## ASSIGNMENT:
The line with "어린 시절 했던 게임 다시하는 이유.jpg | 인스티즈" marks where to begin; print it and all lines after it in the material below exactly, skipping pictures.

## INPUT DATA:
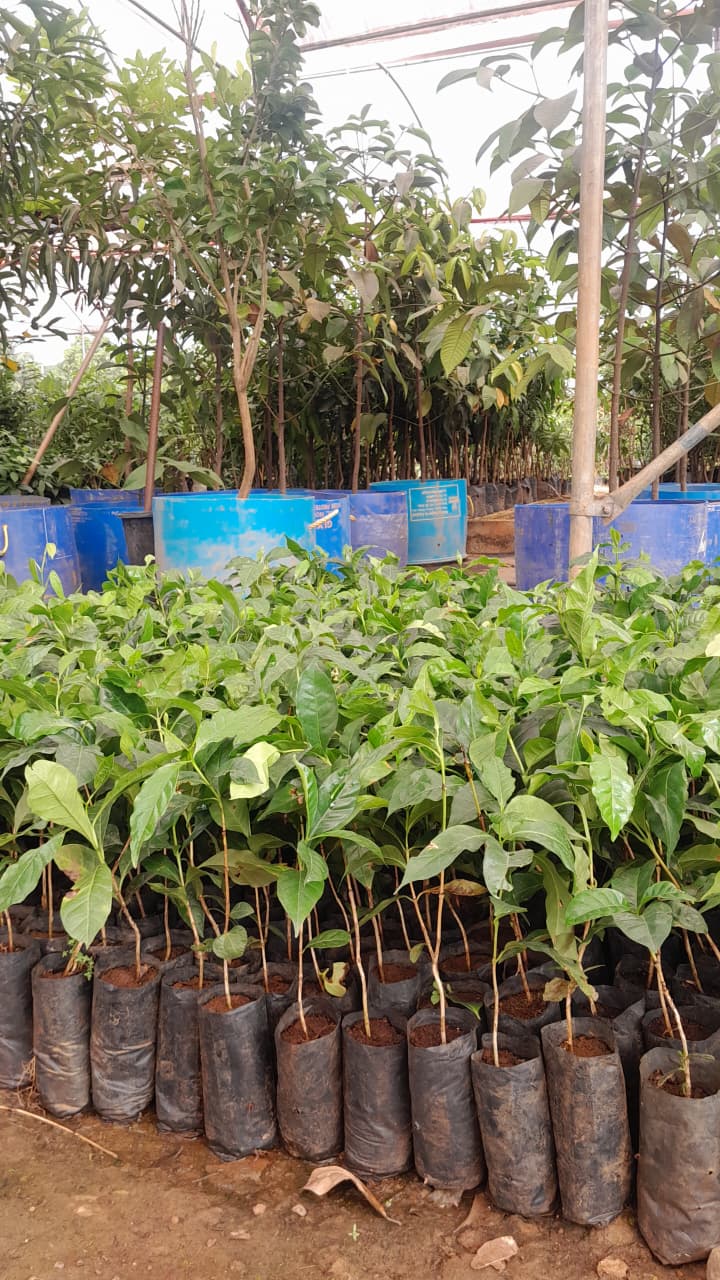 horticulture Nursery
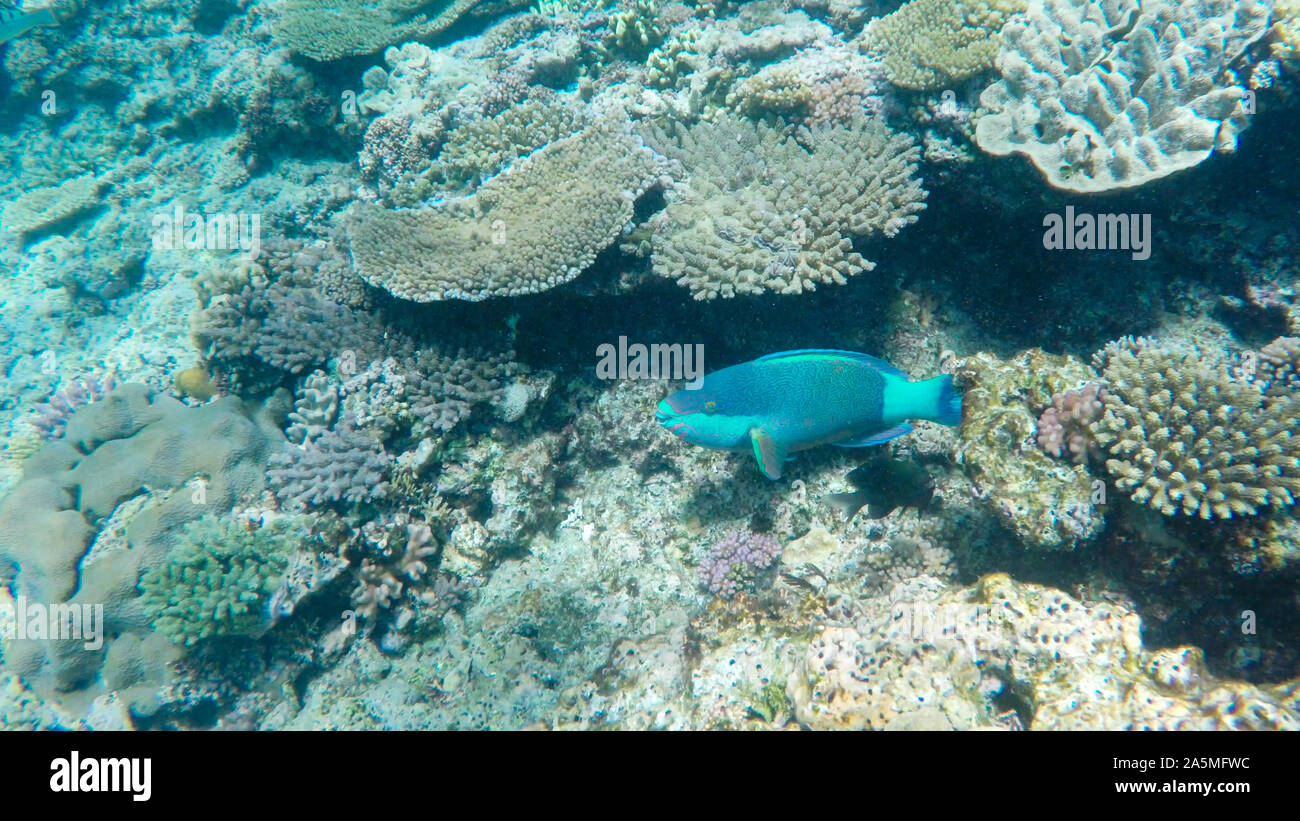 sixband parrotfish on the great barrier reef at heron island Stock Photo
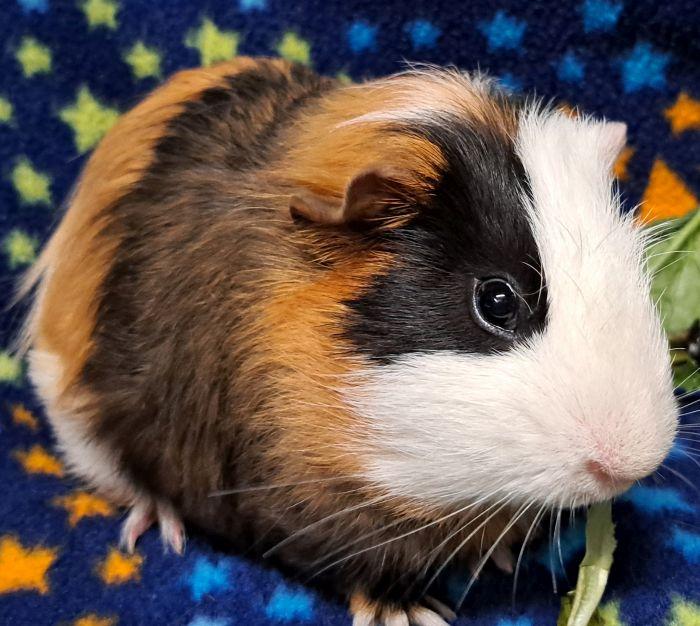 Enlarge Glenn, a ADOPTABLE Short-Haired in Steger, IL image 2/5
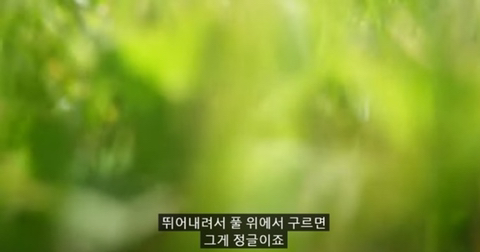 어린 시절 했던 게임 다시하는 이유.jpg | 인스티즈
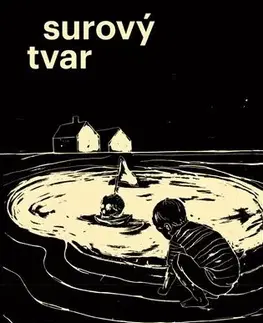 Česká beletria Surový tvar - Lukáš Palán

## RESPONSE TO THE TASK:
 어린 시절 했던 게임 다시하는 이유.jpg | 인스티즈
 Česká beletria Surový tvar - Lukáš Palán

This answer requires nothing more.